Tarek Al-Wazir, Minister für Wirtschaft, Energie, Verkehr und Landesentwicklung: Energiewende

Frau Präsidentin, meine Damen und Herren! Es ist vier Jahre her, dass wir in einem Energiegipfel als Mitglieder von Regierungsparteien und von Oppositionsparteien zusammensaßen.
Wir GRÜNEN waren damals in der Opposition; die FDP war in der Regierung. Ich habe als Vorsitzender einer damaligen Oppositionsfraktion trotzdem gesagt: Wir machen mit bei einer Sache, die nicht nur eine kurzfristige Aufgabe ist, sondern eine Generationenaufgabe und eine gesamtgesellschaftliche Aufgabe. – Kollege Rentsch, da galt nicht Gesinnungsethik, sondern Verantwortungsethik.
Sie, Herr Rentsch, haben damals übrigens gesagt, die GRÜNEN seien eine Dagegen-Partei. Wenn ich mir Ihre Setzpunkte anschaue, dann bin ich mir inzwischen nicht mehr sicher, ob bei dieser Äußerung nicht ein bisschen vorausschauende Projektion mitschwang.
(Heiterkeit und Beifall bei dem BÜNDNIS 90/DIE GRÜNEN und bei Abgeordneten der CDU)
Sehr verehrte Kolleginnen und Kollegen, wir müssen festhalten: Wir haben uns damals gemeinsam dafür entschieden, aus der Atomenergie auszusteigen. Das war richtig, und das bleibt richtig. Wir haben uns damals gemeinsam dafür entschieden, uns auf den Weg der Energiewende zu begeben. Das war richtig, und das bleibt richtig. Wir haben damals auf dem Energiegipfel gemeinsam gesagt, dass es unsere Aufgabe ist, einen gangbaren Weg zu einer sicheren, umweltfreundlichen, gesellschaftlich akzeptierten und bezahlbaren Energieversorgung zu gehen. Darauf haben wir uns geeinigt. Meine sehr verehrten Damen und Herren, ich setze jetzt das um, was mein Vorgänger Florian Rentsch auf den Weg gebracht hat, denn all das, was wir jetzt machen, trägt auch die Unterschrift der FDP und von Florian Rentsch in Person.
(Beifall bei dem BÜNDNIS 90/DIE GRÜNEN und bei Abgeordneten der CDU – Zurufe von der FDP)
Ich denke, es bleibt auch richtig, dass es das Ziel ist, bis 2050 unsere Energieversorgung in den Bereichen Strom und Wärme auf erneuerbare Energien umzustellen. Wir haben zu Beginn dieser Legislaturperiode etwas hinzugefügt, nämlich ein Zwischenziel für den Bereich Strom: eine Verdoppelung des Anteils der erneuerbaren Energien an der Stromerzeugung in dieser Legislaturperiode von 12,5 Prozent auf ungefähr 25 Prozent.
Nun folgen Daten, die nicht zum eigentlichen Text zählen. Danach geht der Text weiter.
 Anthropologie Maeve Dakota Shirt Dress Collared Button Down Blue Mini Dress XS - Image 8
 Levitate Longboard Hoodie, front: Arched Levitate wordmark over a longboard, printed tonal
Da es uns endlich gelungen ist, auch im Bereich Energieeffizienz zu Fortschritten zu kommen – der Stromverbrauch hat sich trotz des Wirtschaftswachstums reduziert –, haben wir es im letzten Jahr geschafft, den Anteil der erneuerbaren Energien auf ungefähr 15 Prozent zu erhöhen. Ich bin daher zuversichtlich, dass wir auf dem Weg zu dem oben genannten Ziel Schritt für Schritt vorankommen. Wir befinden uns auf dem richtigen Weg.
Ich will ausdrücklich sagen: Die weit überwiegende Mehrheit der Bevölkerung geht diesen Weg mit – übrigens auch der weit überwiegende Teil der Bevölkerung in den Gebieten, in denen sich die Landschaft aufgrund der Windenergienutzung verändert. Das große Fest zur Eröffnung des Windparks in Wolfhagen in der letzten Woche ist bereits genannt worden. Am Samstag werde ich bei der Eröffnung des Windparks in Heidenrod zu Gast sein. Es findet also eine Wende statt, und diese trifft sehr oft auf sehr, sehr große Zustimmung, auch der direkten betroffenen Bevölkerung.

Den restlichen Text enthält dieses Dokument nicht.